One term I’ve heard discussed as being a “new word” is “inerrancy.” Sure enough, “inerrancy of Scripture” does not occur (except for an apparent machine reader error) until the late 1880s, and then it is used by Charles Briggs and the Presbyterians. What about the German Lutherans? You can also search in German for “Irrtumslosigkeit” — and find the same spread. “Infallibility,” the traditional term, is used earlier, spikes in the 1860s (why?), and then trickles downward, apparently as “inerrancy” becomes the term of choice.

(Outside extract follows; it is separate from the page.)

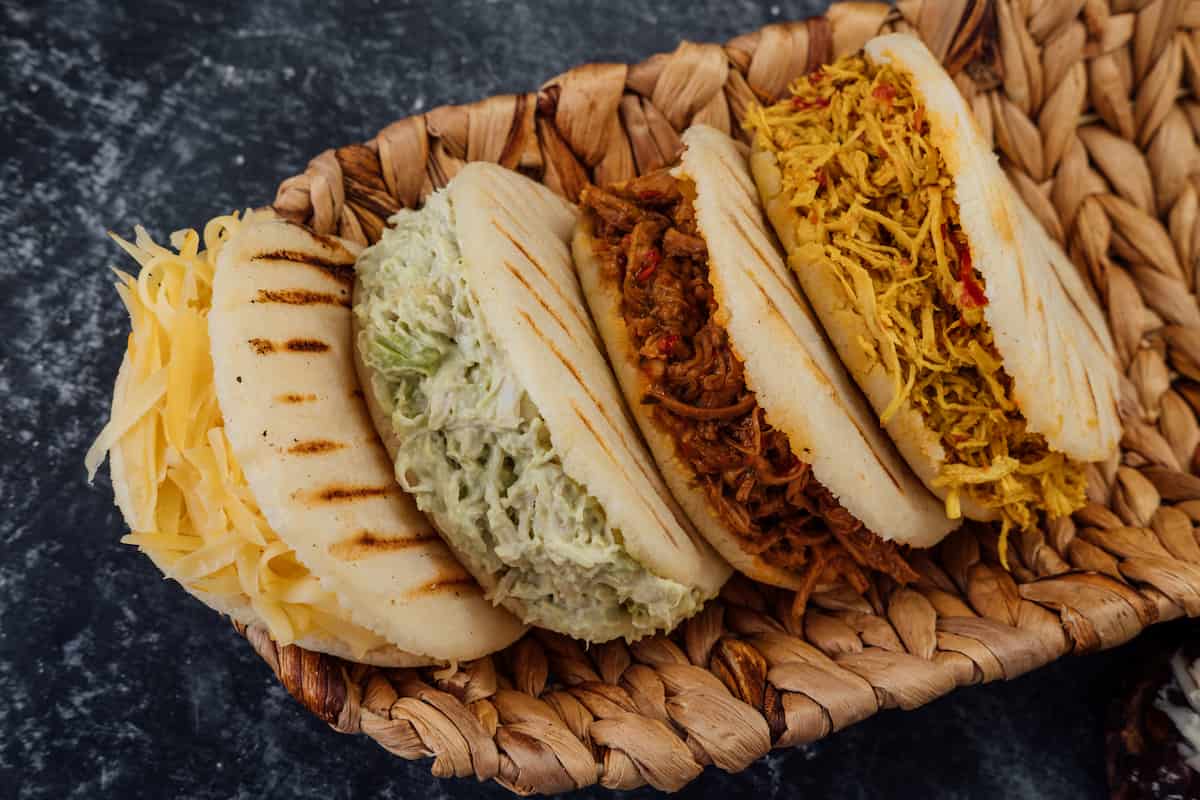 arepas colombianas CDMX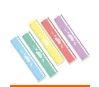 REGLA 20 CM COLORES PASTEL RULERS | 5907620182954 | Librería Castillón - Comprar libros online Aragón, Barbastro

And this is really cool — you can relate two terms to each other. For example, I’ve wondered when the “Authorized Version” (the name given it by King James) became the “King James Version.” Apparently it was the late 1970s:
Now, historians (at least good ones) will use this with caution: The source data is not complete, it contains only published material (not oral or private correspondence — try comparing “Merry Christmas” to “Season’s Greetings” — doesn’t work), and “concepts” can exist even if the word doesn’t. Heck, pastor’s winkels are in there either. But it does give a quick, down-and-dirty, and free(!) way to see what is going on, and start to ask ourselves some questions. For example, what does it say about us that we get worked up over things that no one did before, or, conversely, stuff that worked people up a century ago doesn’t even blip on our radar screen? Should we insist on very precise formulations, when those precise words will come and go? Here is a mirror, go and look.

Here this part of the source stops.